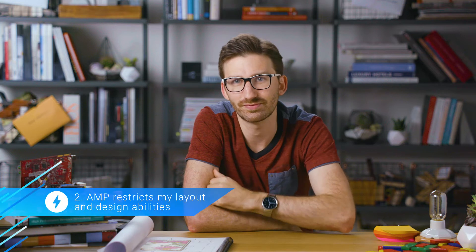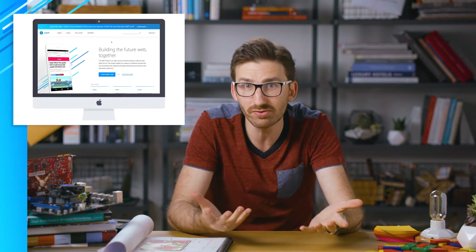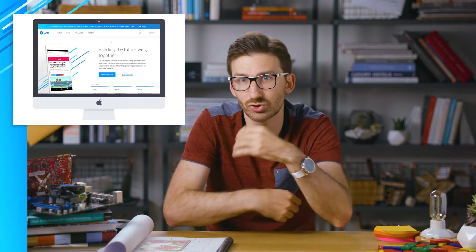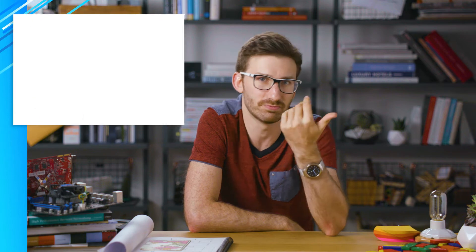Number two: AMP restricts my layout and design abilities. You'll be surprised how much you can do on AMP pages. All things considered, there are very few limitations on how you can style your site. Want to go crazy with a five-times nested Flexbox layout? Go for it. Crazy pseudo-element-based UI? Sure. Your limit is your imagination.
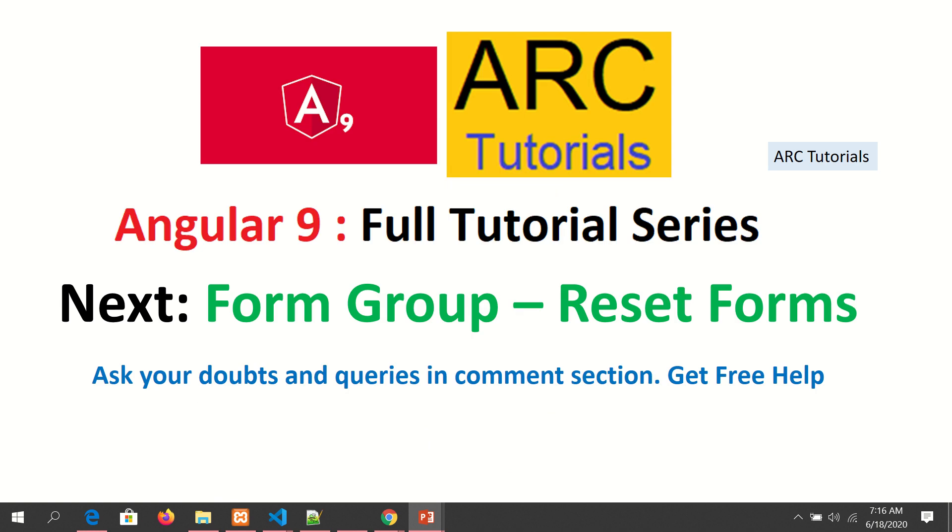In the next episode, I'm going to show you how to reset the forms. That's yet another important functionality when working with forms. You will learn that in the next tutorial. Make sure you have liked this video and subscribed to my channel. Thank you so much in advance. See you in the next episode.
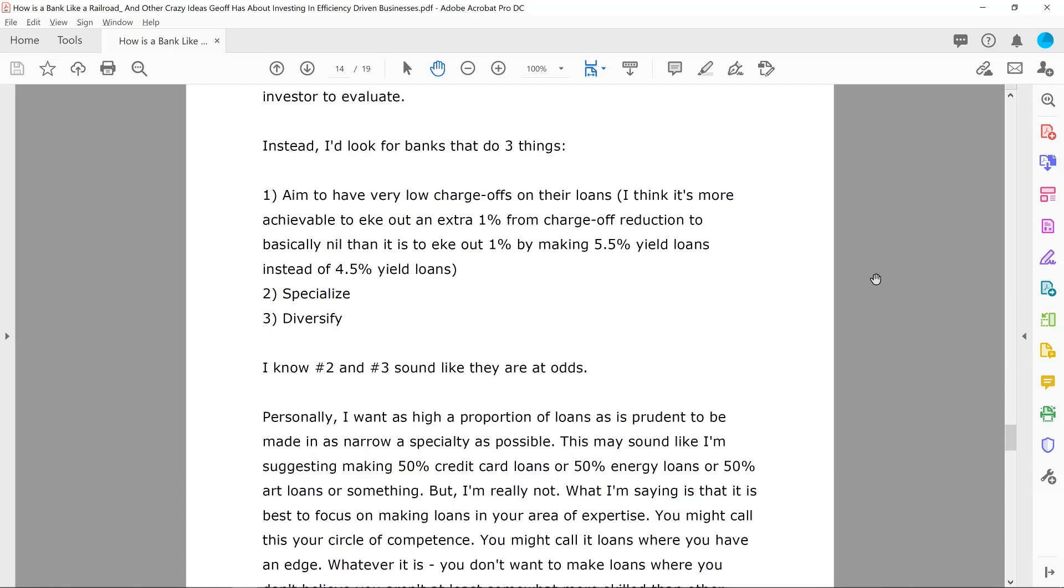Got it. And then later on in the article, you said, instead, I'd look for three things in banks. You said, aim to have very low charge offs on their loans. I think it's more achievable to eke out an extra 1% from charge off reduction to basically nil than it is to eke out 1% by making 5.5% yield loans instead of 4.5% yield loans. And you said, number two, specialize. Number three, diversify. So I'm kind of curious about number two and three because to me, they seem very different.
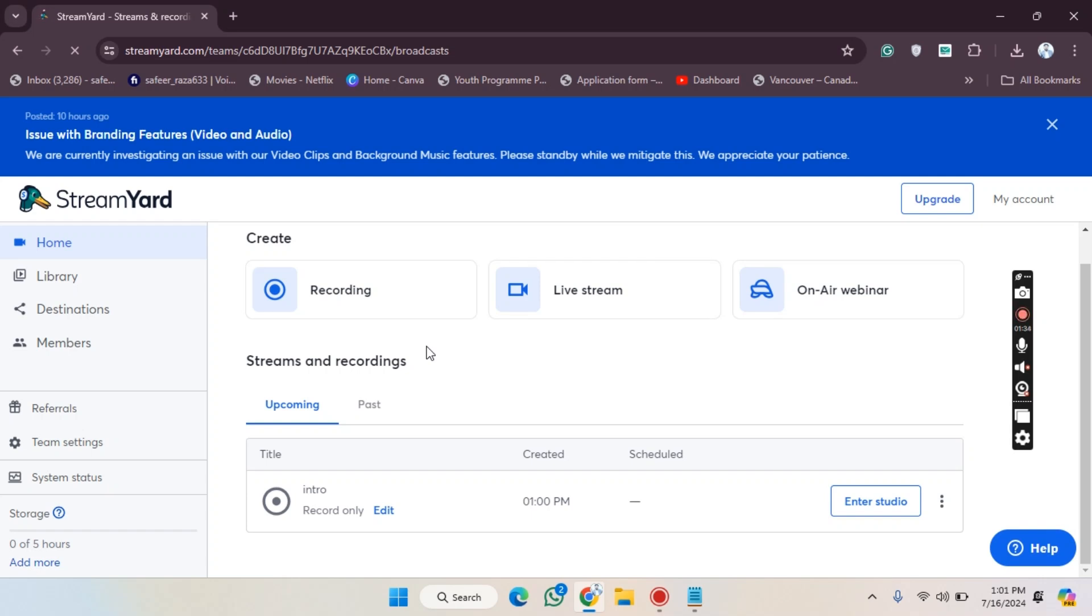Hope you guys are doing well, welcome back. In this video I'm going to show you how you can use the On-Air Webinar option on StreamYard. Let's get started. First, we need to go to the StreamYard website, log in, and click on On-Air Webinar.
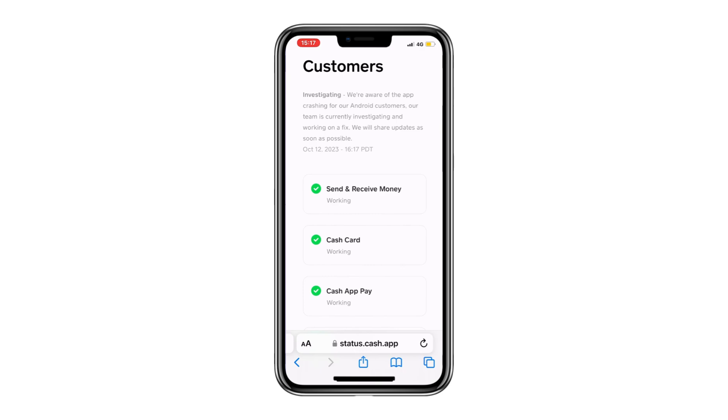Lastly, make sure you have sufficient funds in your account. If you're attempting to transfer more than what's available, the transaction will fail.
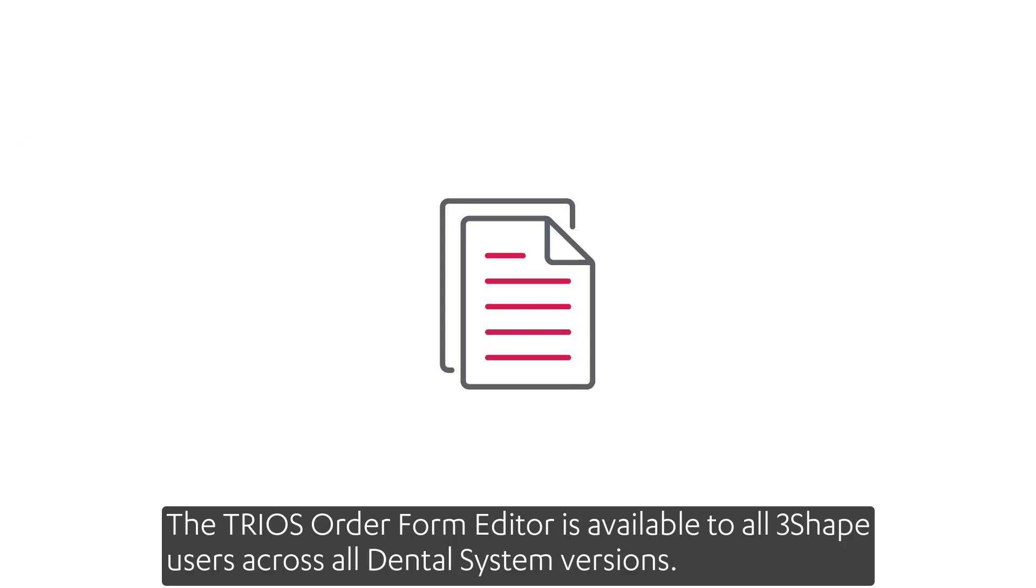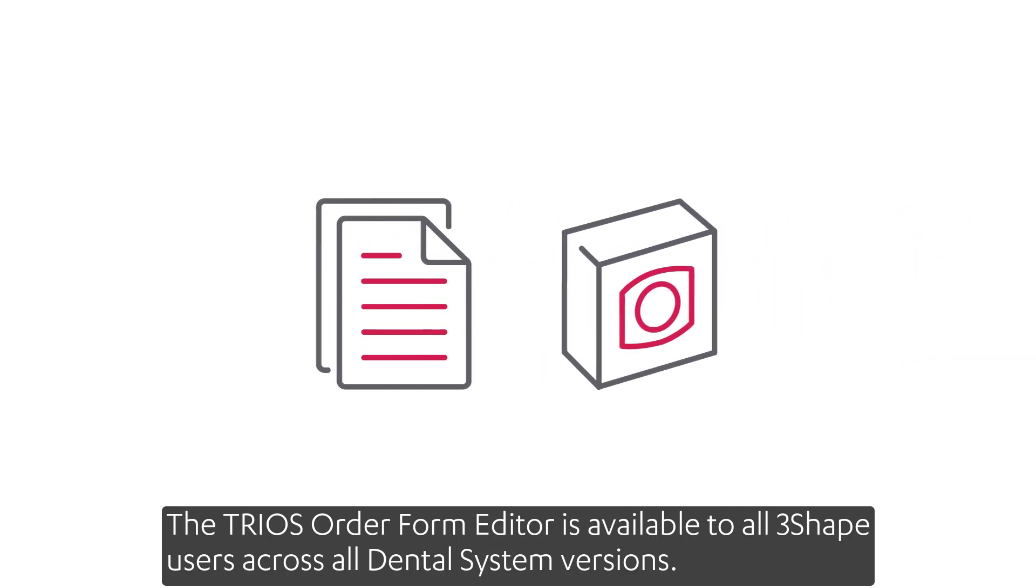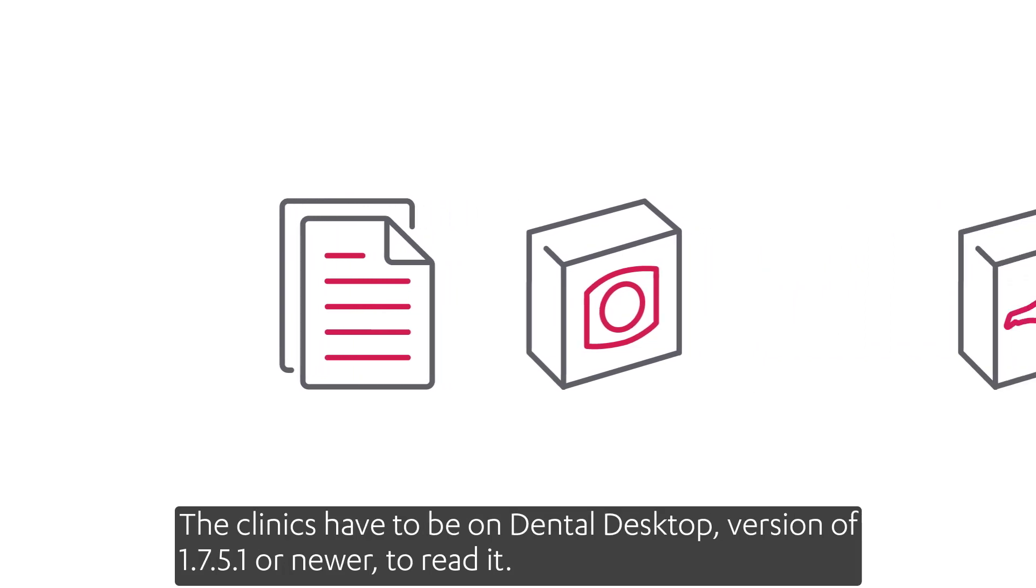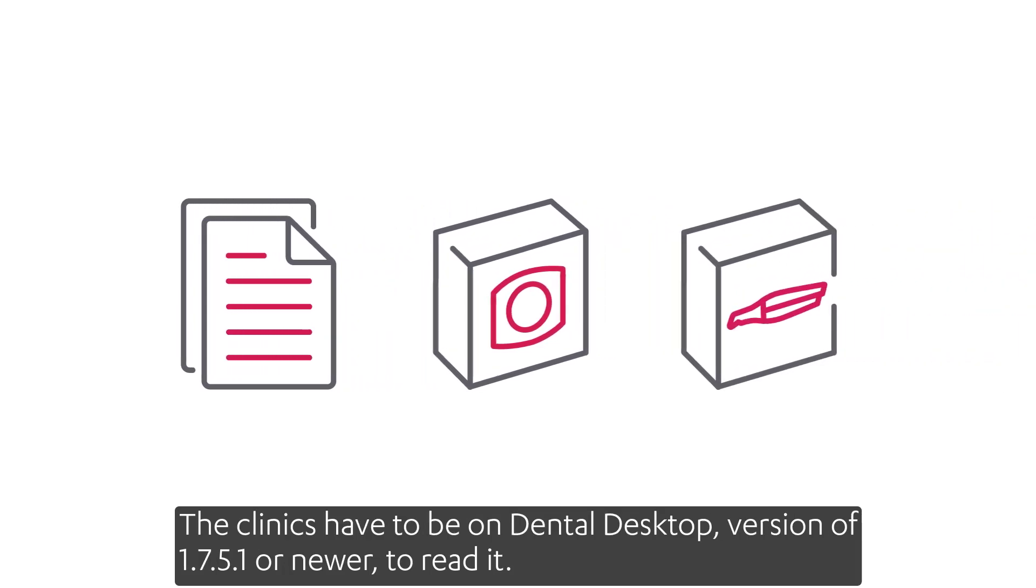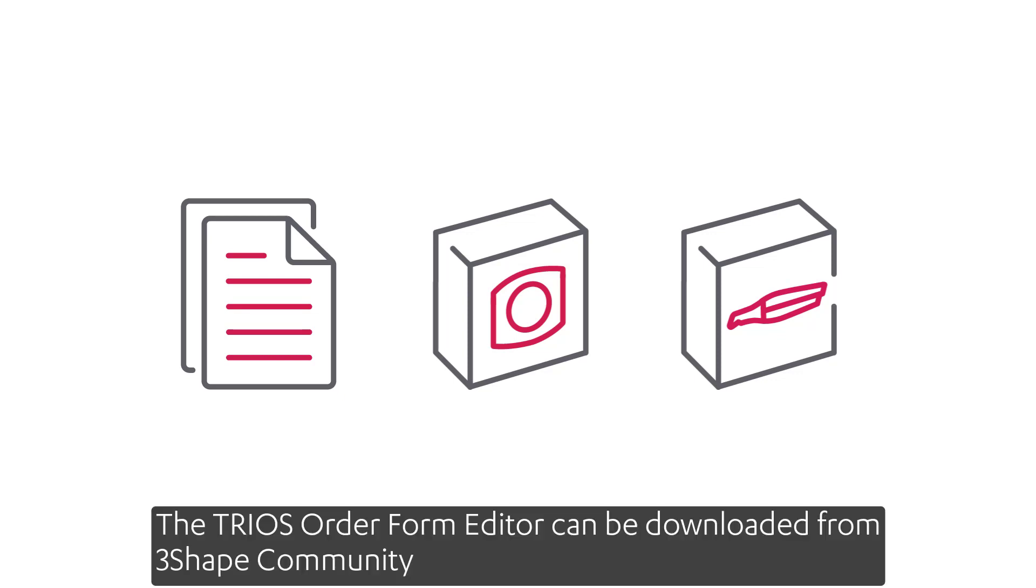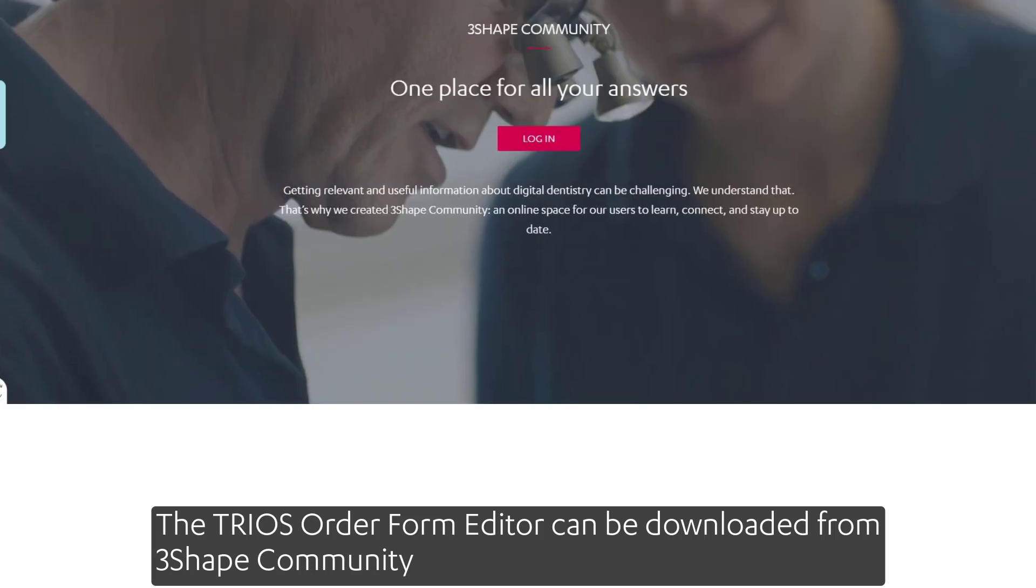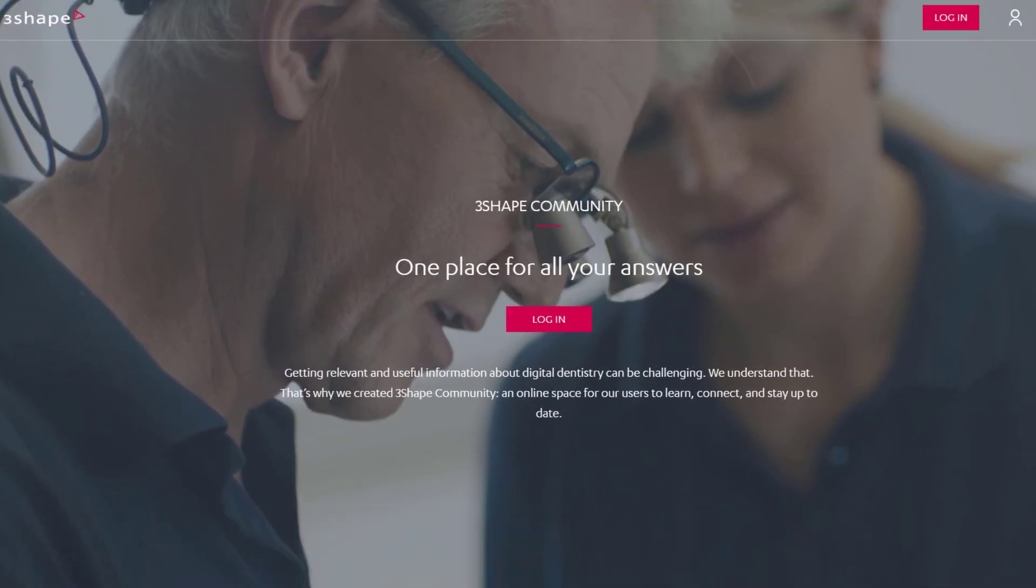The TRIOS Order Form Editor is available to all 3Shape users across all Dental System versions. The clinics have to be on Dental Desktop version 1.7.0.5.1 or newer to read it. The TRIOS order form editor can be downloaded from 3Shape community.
■ ■ ■ ■ ■
**Work instructions**
Leave the pictures out and print the whole listing precisely.

**Response**
Number two: AMP restricts my layout and design abilities. You'll be surprised how much you can do on AMP pages. All things considered, there are very few limitations on how you can style your site. Want to go crazy with a five-times nested Flexbox layout? Go for it. Crazy pseudo-element-based UI? Sure. Your limit is your imagination.
In the next episode, I'm going to show you how to reset the forms. That's yet another important functionality when working with forms. You will learn that in the next tutorial. Make sure you have liked this video and subscribed to my channel. Thank you so much in advance. See you in the next episode.
Got it. And then later on in the article, you said, instead, I'd look for three things in banks. You said, aim to have very low charge offs on their loans. I think it's more achievable to eke out an extra 1% from charge off reduction to basically nil than it is to eke out 1% by making 5.5% yield loans instead of 4.5% yield loans. And you said, number two, specialize. Number three, diversify. So I'm kind of curious about number two and three because to me, they seem very different.
Hope you guys are doing well, welcome back. In this video I'm going to show you how you can use the On-Air Webinar option on StreamYard. Let's get started. First, we need to go to the StreamYard website, log in, and click on On-Air Webinar.
Lastly, make sure you have sufficient funds in your account. If you're attempting to transfer more than what's available, the transaction will fail.
The TRIOS Order Form Editor is available to all 3Shape users across all Dental System versions. The clinics have to be on Dental Desktop version 1.7.0.5.1 or newer to read it. The TRIOS order form editor can be downloaded from 3Shape community.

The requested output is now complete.